## Task prompt
In the records below, find the line containing "Kit de perfura��o", then print it and every following line exactly, through the last, without pictures.

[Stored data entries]
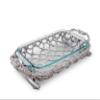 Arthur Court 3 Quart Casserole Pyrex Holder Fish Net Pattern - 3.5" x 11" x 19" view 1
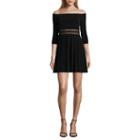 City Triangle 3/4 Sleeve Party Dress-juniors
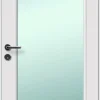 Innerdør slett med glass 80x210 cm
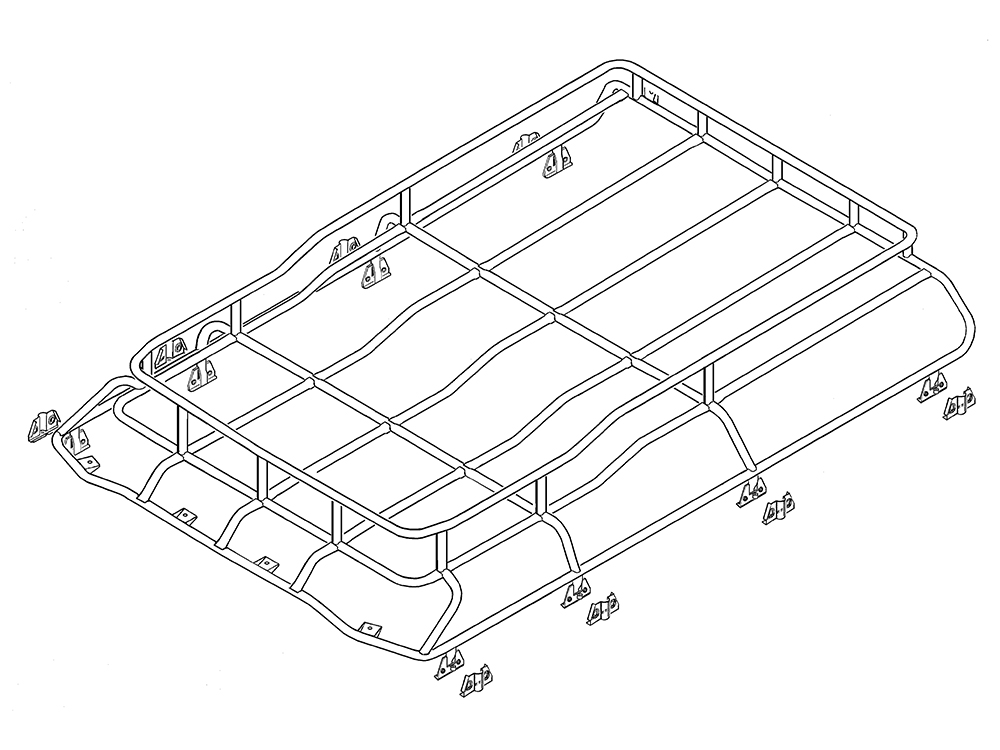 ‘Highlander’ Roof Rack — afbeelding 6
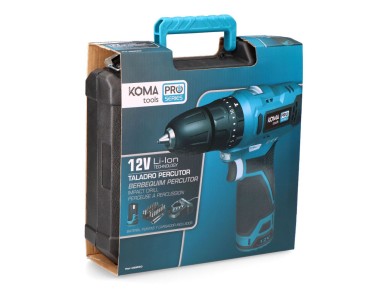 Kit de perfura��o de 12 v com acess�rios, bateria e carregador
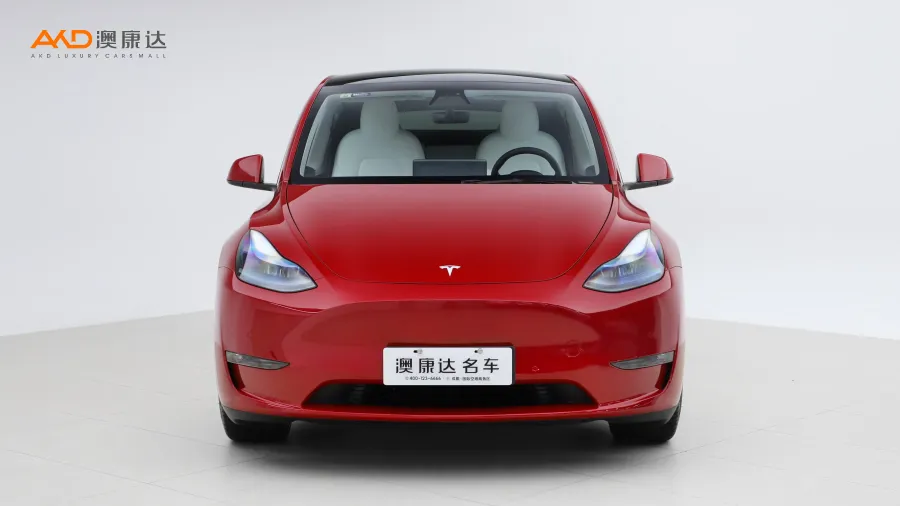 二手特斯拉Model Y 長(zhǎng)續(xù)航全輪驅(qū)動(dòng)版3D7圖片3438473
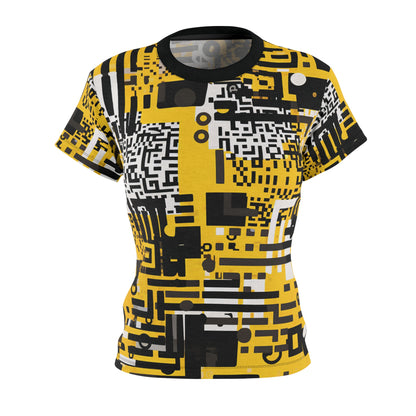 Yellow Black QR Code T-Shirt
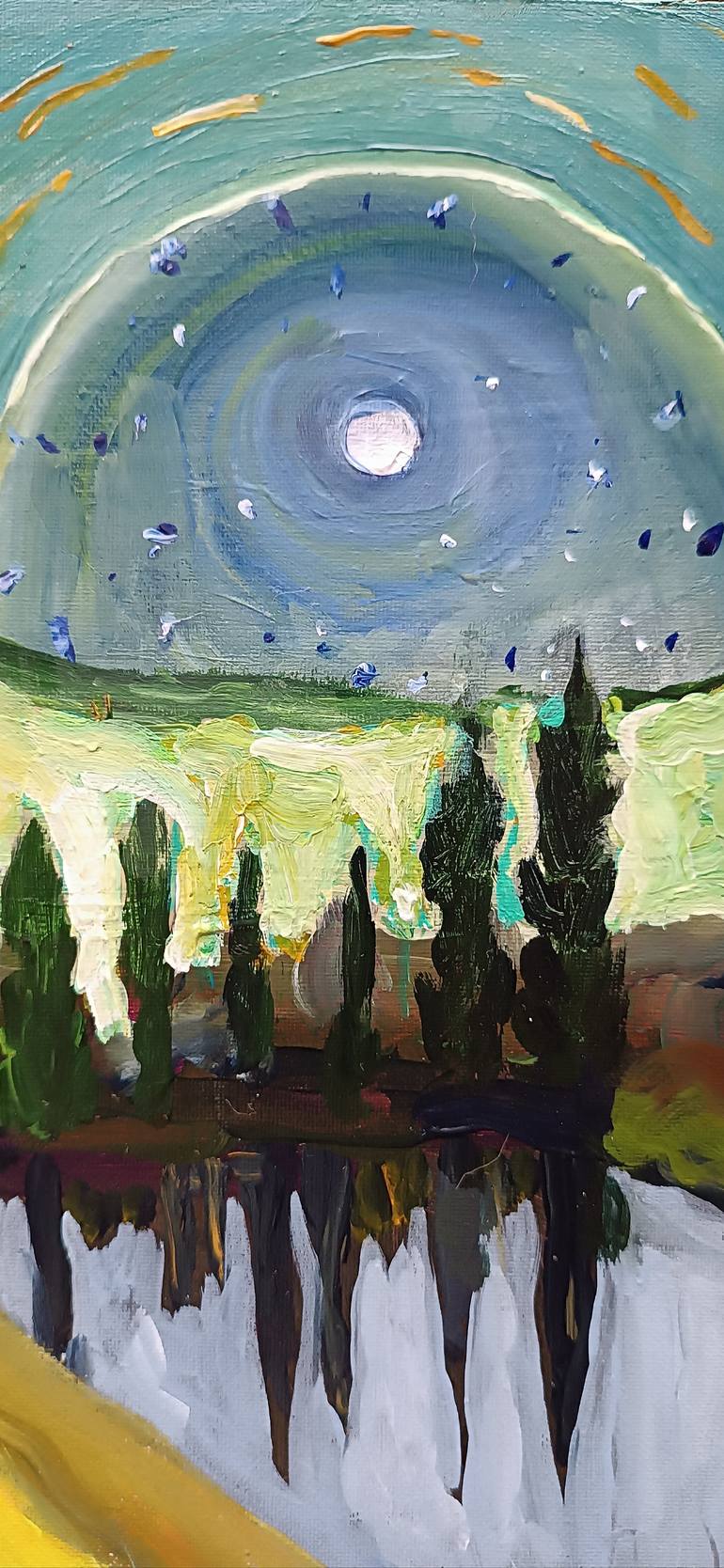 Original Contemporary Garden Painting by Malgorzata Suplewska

## Answer area
 Kit de perfura��o de 12 v com acess�rios, bateria e carregador
 二手特斯拉Model Y 長(zhǎng)續(xù)航全輪驅(qū)動(dòng)版3D7圖片3438473
 Yellow Black QR Code T-Shirt
 Original Contemporary Garden Painting by Malgorzata Suplewska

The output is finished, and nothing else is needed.